COMPASS Statement and Resources for Addressing Police Violence

Like many of our peers, our passion for cell biology stems from our motivation to improve the world around us. When presenting research, many of us deliberately begin with statistics on who is impacted by the disease studied and describe how their research might lead to improved care and treatment. This logic of improvement through curiosity and deeper understanding of biology pervades biology research. Working with ASCB, this drive to better the world is doubled, by bettering the lives of researchers themselves: graduate students and postdocs are the current hands-on workforce and the next generation of researchers. Our efforts are integral to research performed around the country and the world.

Although our focus recently has been on the disruption of our research due to the pandemic, the past two weeks turned our attention to another effort to improve the world for black citizens. This effort and the pain through which it was born have correctly focused national attention on the multigenerational violence perpetrated against black people in every corner of the United States. We’ve been forced to consider, not for the first time, how our chosen careers to improve lives all around us operate inside a broad system of injustices perpetrated on black and brown bodies. Like many of our peers, we feel that now is the time to listen and amplify voices other than our own. Now is the time to make sure our peers know what ethics we support, and a time to consider how our privilege to improve the lives of others, not through our scientific research but by advocating, allying, donating, and (perhaps most of all) supporting new legislation.

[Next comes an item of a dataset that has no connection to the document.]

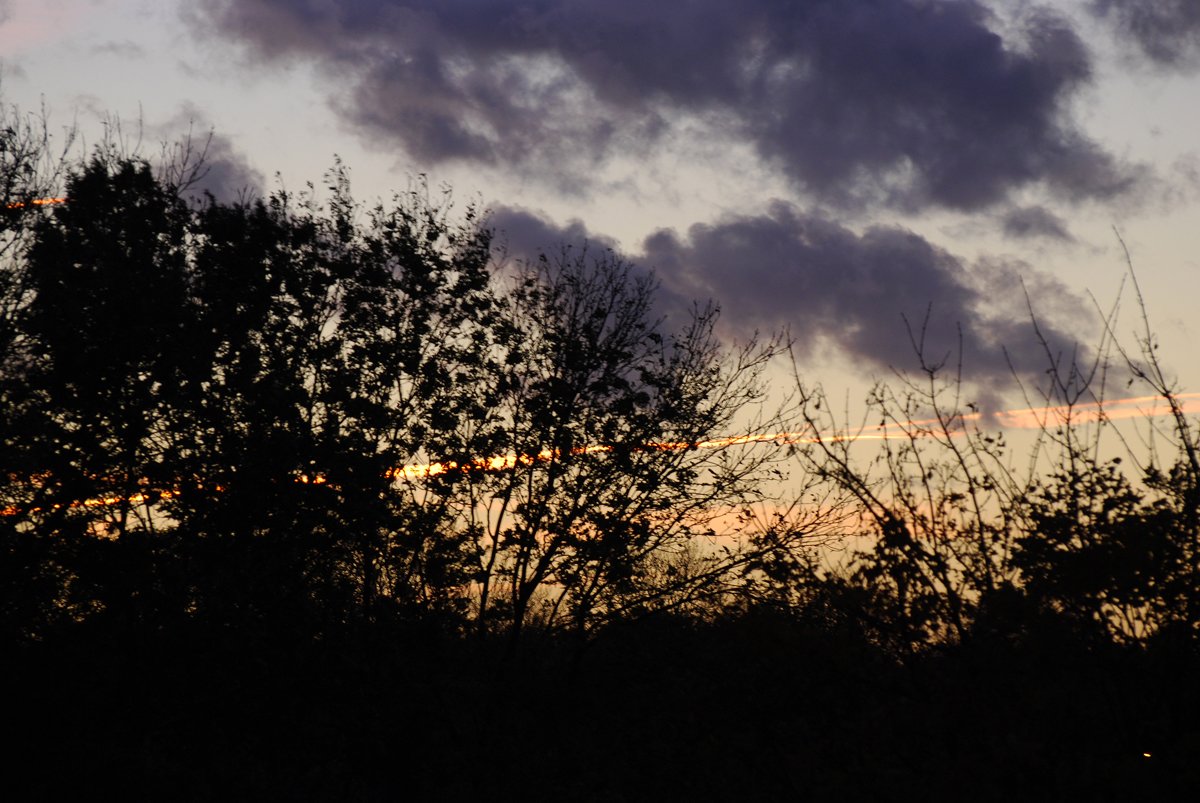dsc_90491200px.jpg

These questions, of policing and race, of how this country has chosen to ensure the safety of its citizens, as well as the questions of how, when, and upon whom violence by the state is perpetrated, can no longer be circumscribed to particular venues or particular communities. We cannot not respond, even here in a blog post for a cell biology society. The violence we have all seen, by now many times over, leaves no room for silence.

First, for those of us who are U.S. citizens, we can vote to change how the police operate in our communities. While this is a moment of national urgency, it is a moment for local action because police departments are funded and regulated at the local level. Use your voice in your city to demand change in policing tactics. You can check what legislation your state has and has not put in place using data-based research national advocacy organizations like Campaign Zero and their policy proposal project “8 can’t wait.” For data on police violence and studies on how to reduce it, see the Mapping Police Violence project.

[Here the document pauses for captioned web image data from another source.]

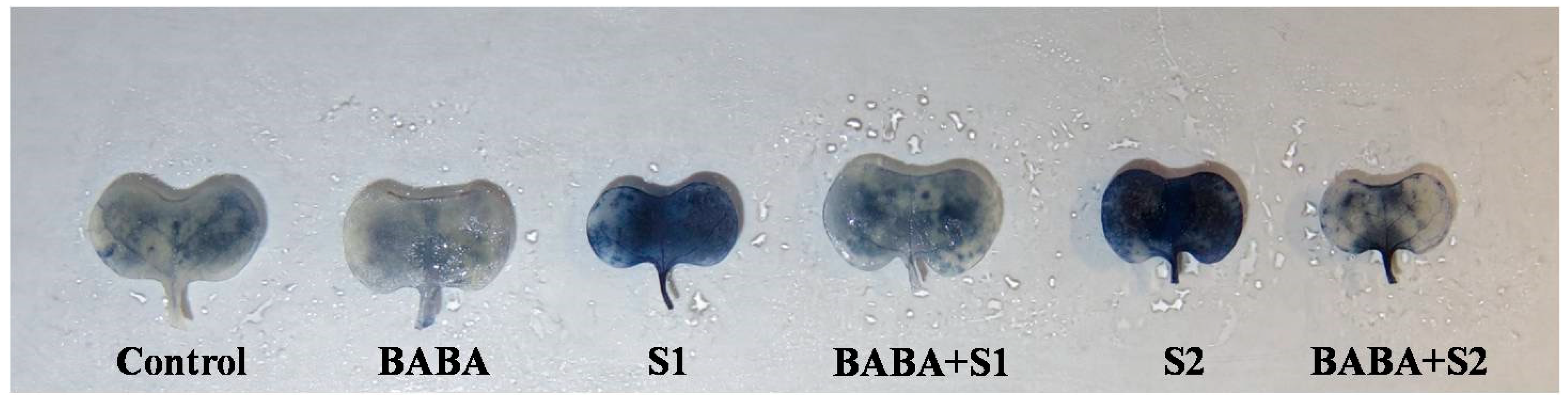 Plants 09 00241 g001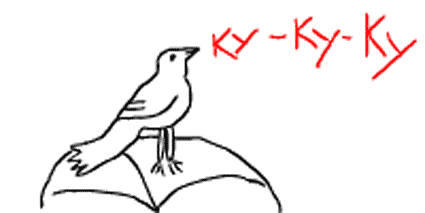 hb4cch.gif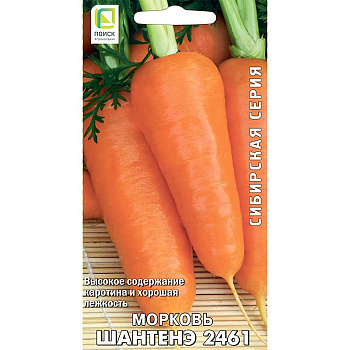Морковь Шантенэ Поиск Ц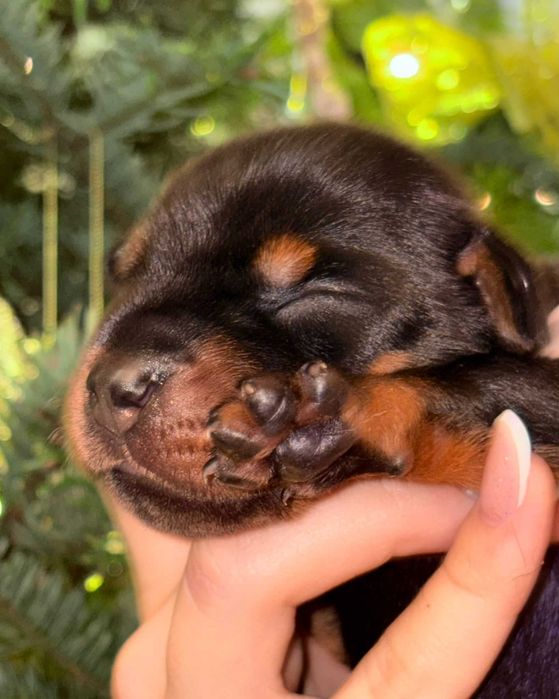 DOBERMAN dziewczynka na sprzedaż FCI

Another way some labs are showing their support is through donations to advocacy organizations. As graduate students and postdocs, we may not have the money to donate ourselves, but we can start a conversation in our research groups about donating to a cause. Talk to your PI about how personal funds they may have used to host a holiday celebration or a happy hour can be repurposed as a donation, or ask willing members to donate and pool money together. You can discuss worthy organizations to donate to with your colleagues. Some organizations to consider include the Black Lives Matter Movement, Black Visions Collective, Reclaim the Block, Black Futures Lab, and Campaign Zero, mentioned above. This list is only some of the organizations accepting donations. We encourage you to do your own research and find other organizations that reflect how you want to support the black community.

Finally, you can do something scientists do best a literature review. You can read books to educate yourself on racism against minorities, and maybe even start a book club. Some books to investigate are:

  • White Fragility by Robin Diangelo
  • How to be an Antiracist by Ibram X. Kennedy
  • I’m Still Here: Black Dignity in a World Made for Whiteness by Austin Channing Brown
  • An Indigenous Peoples’ History of the United States by Roxanne Dunbar-Ortiz
  • The Making of Asian America: A History by Erika Lee
  • So You Want to Talk about Race by Ijeamo Oluo
  • An African American and LatinX History of the United States by Paul Ortiz
  • The Other Slavery: The Uncovered Story of Indian Enslavement in America by Andres Resendez
  • Me and White Supremacy: Combat Racism, Change the World, and Become a Good Ancestor by Layla F. Saad

This list is not all-inclusive. There are endless opportunities to support minorities in the United States. As trainees in a highly diverse field, we have the opportunity to make real change. We are the next generation of scientists, voters, political leaders, and much more. We must educate ourselves and act. Silence is compliance.

The views and opinions expressed in this blog are the views of the author(s) and do not represent the official policy or position of ASCB.

About the Author:

The goals of the Committee for Postdocs and Students (COMPASS) are to create programming and resources that directly address the training and career development needs of graduate students and postdocs, promote opportunities for science advocacy and outreach that facilitate active engagement between young scientists and society, increase the visibility of student and postdoc perspectives within the ASCB by authoring content for society publications and the ASCB website, and foster community and connection between young scientist members of ASCB.